Czechoslovakian filmmaker Jiri Barta is at last finding wide recognition of his work outside his own country. Jeremy Clarke telephoned him in Prague.
Jiri Barta’s feature length puppet film The Pied Piper is now being distributed in Britain by the BFI. The film illustrates the legend of ‘The Pied Piper’ with a cast including sixteen carved walnut puppets and numerous realistic looking rats. It also has over 170 detailed sets.
The Pied Piper was a prize winner at the Espinho Festival in 1986, shown out-of-competition at Annecy ‘87 and featured at the 1987 Bristol Animation Festival as part of the ‘Theatre of Eccentrics’ programme.
Jiri Barta was born in 1948 and studied at the Applied Arts and Crafts College in Prague.

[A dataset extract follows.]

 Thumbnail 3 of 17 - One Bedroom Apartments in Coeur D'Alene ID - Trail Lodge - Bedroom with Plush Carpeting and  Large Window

Jeremy Clarke: The Pied Piper opens with close shots of an astrological clock which fascinated me, where did this come from?
Jiri Barta: It is an element of mediaeval philosophy, which is the basis of the story and an organic part of the whole thing. It is a story about the fate, the destiny of a town, or a city if you wish, or a society, and that is why I have used this symbolism.
JC: The story of The Pied Piper is based on an old myth, and although it may exist in various forms, the version I am familiar with is Browning’s poem, ‘The Pied Piper of Hamelin’, which has various elements that do not appear in your film, such as children, including a little lame boy who doesn’t make it into the mountainside into which the Pied Piper ultimately leads the other children. When you initially decided to make the film, did you start with another version of the story, or did you make a lot of changes to put your version on the screen?
JB: There is a Czech author who died a long time ago, Victor Dyk, and he wrote a novel called ‘Krysar’ (‘the Rat catcher’), which is this one precisely and is the version known in Czechoslovakia. The novel itself is in a more lyrical genre. Apart from which, of course, many versions are known, all based on the original twelfth century legend. I’ve familiarised myself with all of them, but in the end I decided on my own version which is a stylisation of all the different versions, a stylisation which makes the best use of animation technique. I’ve tried to capture the Germanic spirit, which is the spirit of the original legend.
JC: When you adapted it did you add all the grinding mechanisms and so on, or were they in one of the versions you found?
JB: No, they are entirely my own invention. But of course, they have an important place in the whole story as a sort of prelude to what is to come, namely the fatality of the story and the connection with time.
JC: There is a figure of death, or Father Time, who appears later on in the film with an hour glass.
JB: That’s Saturnos – Saturn.
JC: These mechanisms also struck me as being like automata, an element I associate very strongly with Eastern Europe.
JB: Well, it is a certain mechanism which puts the whole thing on rails and starts the story rolling. And as it turns out, a certain determining principle.
JC: Do you see it as a determining principle in a wider sense? Was the film trying to symbolise Czech society, or the way the world is generally, by means of this machinery?
JB: No, it it not conceived as a specifically Czech thing, it has a more universal validity, because certain human qualities such as greed cannot be confined to a particular society. They are universal, they exist everywhere in the world.
JC: It wasn’t my intention to suggest that Czechs are greedy or some such thing. There was another strange element in the film, the coat of arms above the town with the bell and the two rats on either side with hammers. I was intrigued – it seemed an interesting way to link the town with the greed and the rats.
JB: Yes, but of course the analogy between the rat society and the human society is not limited to the emblem, the coat of arms, it is a theme which runs throughout the film. There are certain scenes which are repeated exactly, like, for instance, the banquet in the council ball, where on the one hand you have the council stuffing themselves at the table and under the table the rat society are doing exactly the same.
JC: There were some very powerful images in that scene. Someone from the town splits a bull or cow’s head open and takes the blood in a large vat to the town council, who promptly drink it with great gusto.
JB: Except that the blood really turns into wine.